Start of Source data

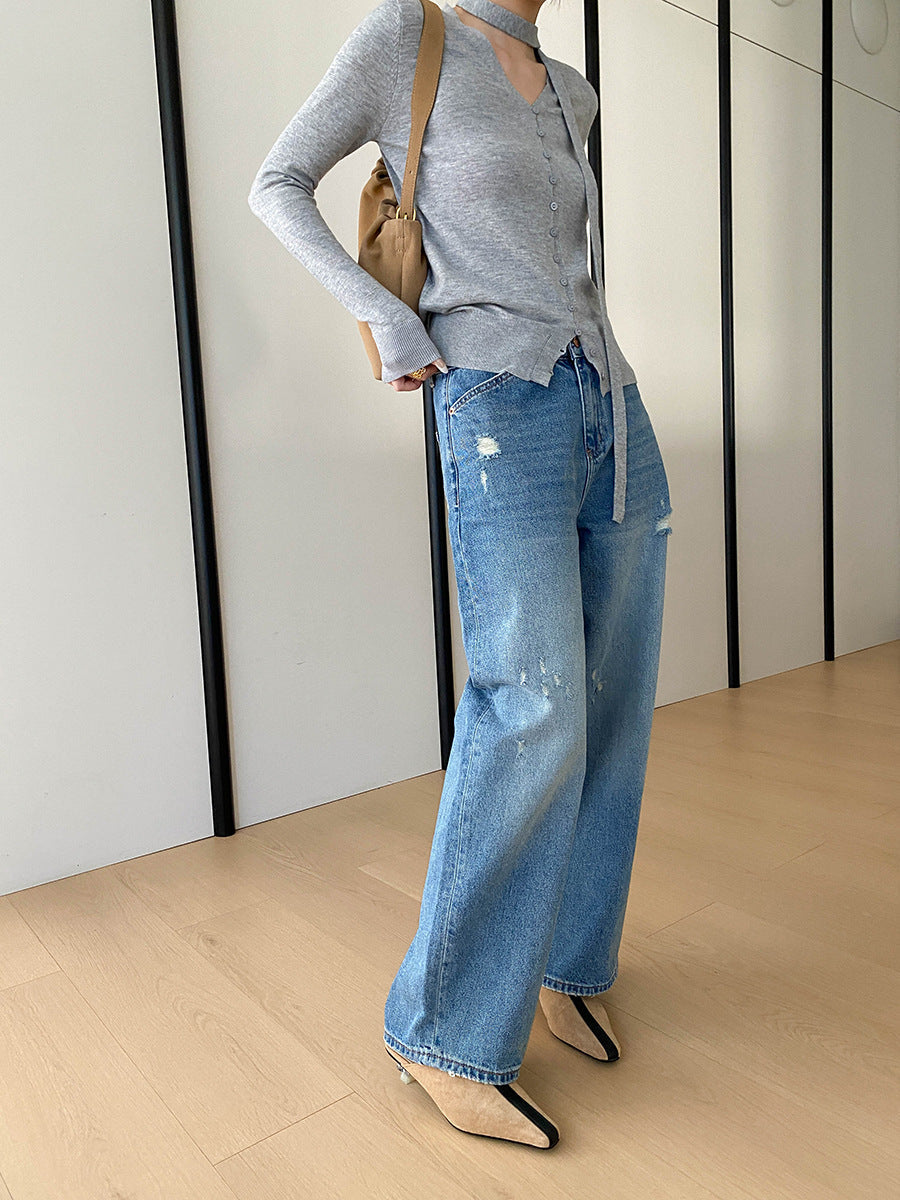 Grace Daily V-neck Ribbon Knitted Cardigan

End of Source data
Start of Source data

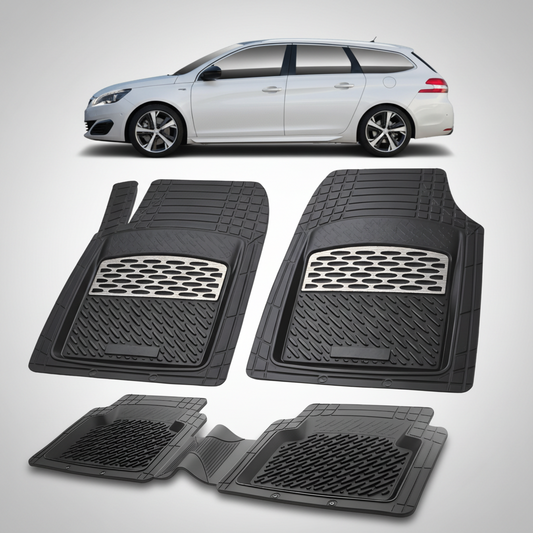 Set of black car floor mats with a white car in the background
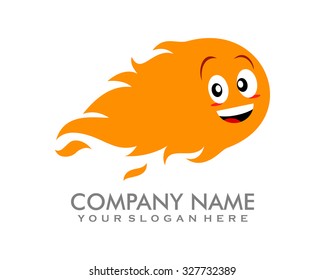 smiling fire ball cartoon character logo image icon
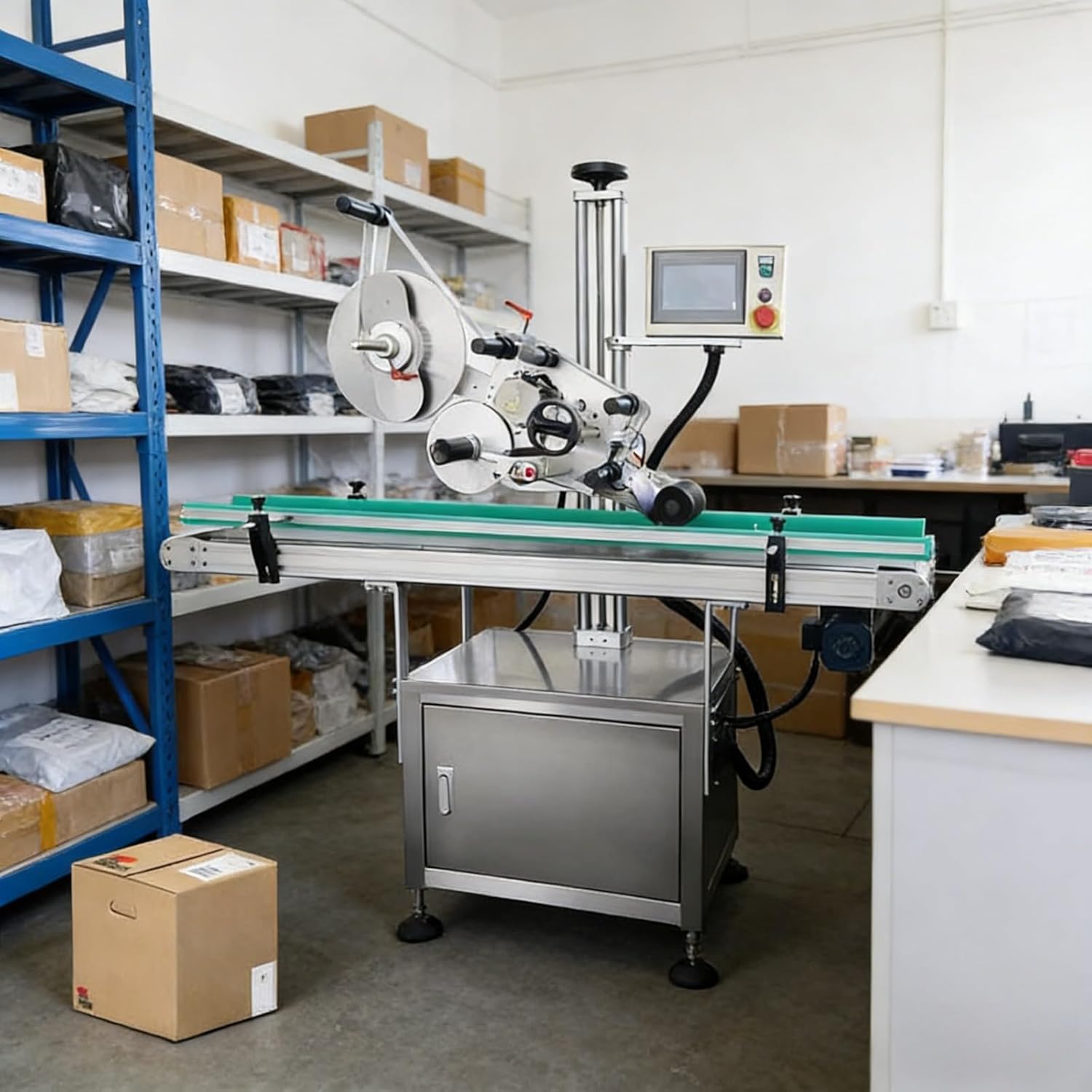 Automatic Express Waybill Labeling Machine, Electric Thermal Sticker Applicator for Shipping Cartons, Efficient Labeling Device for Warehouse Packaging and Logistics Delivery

End of Source data
Start of Source data

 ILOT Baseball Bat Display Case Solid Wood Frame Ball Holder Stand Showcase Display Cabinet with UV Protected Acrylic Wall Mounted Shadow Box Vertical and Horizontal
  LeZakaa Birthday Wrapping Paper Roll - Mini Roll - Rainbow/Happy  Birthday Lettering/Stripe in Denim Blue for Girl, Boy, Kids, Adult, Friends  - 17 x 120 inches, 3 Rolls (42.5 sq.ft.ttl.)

End of Source data

### Directions
The reply should hold only the lines of the listing above starting at the line containing "ILOT Baseball Bat" and ending at the line containing "LeZakaa Birthday Wrapping", exactly as written.

### Answer space
 ILOT Baseball Bat Display Case Solid Wood Frame Ball Holder Stand Showcase Display Cabinet with UV Protected Acrylic Wall Mounted Shadow Box Vertical and Horizontal
  LeZakaa Birthday Wrapping Paper Roll - Mini Roll - Rainbow/Happy  Birthday Lettering/Stripe in Denim Blue for Girl, Boy, Kids, Adult, Friends  - 17 x 120 inches, 3 Rolls (42.5 sq.ft.ttl.)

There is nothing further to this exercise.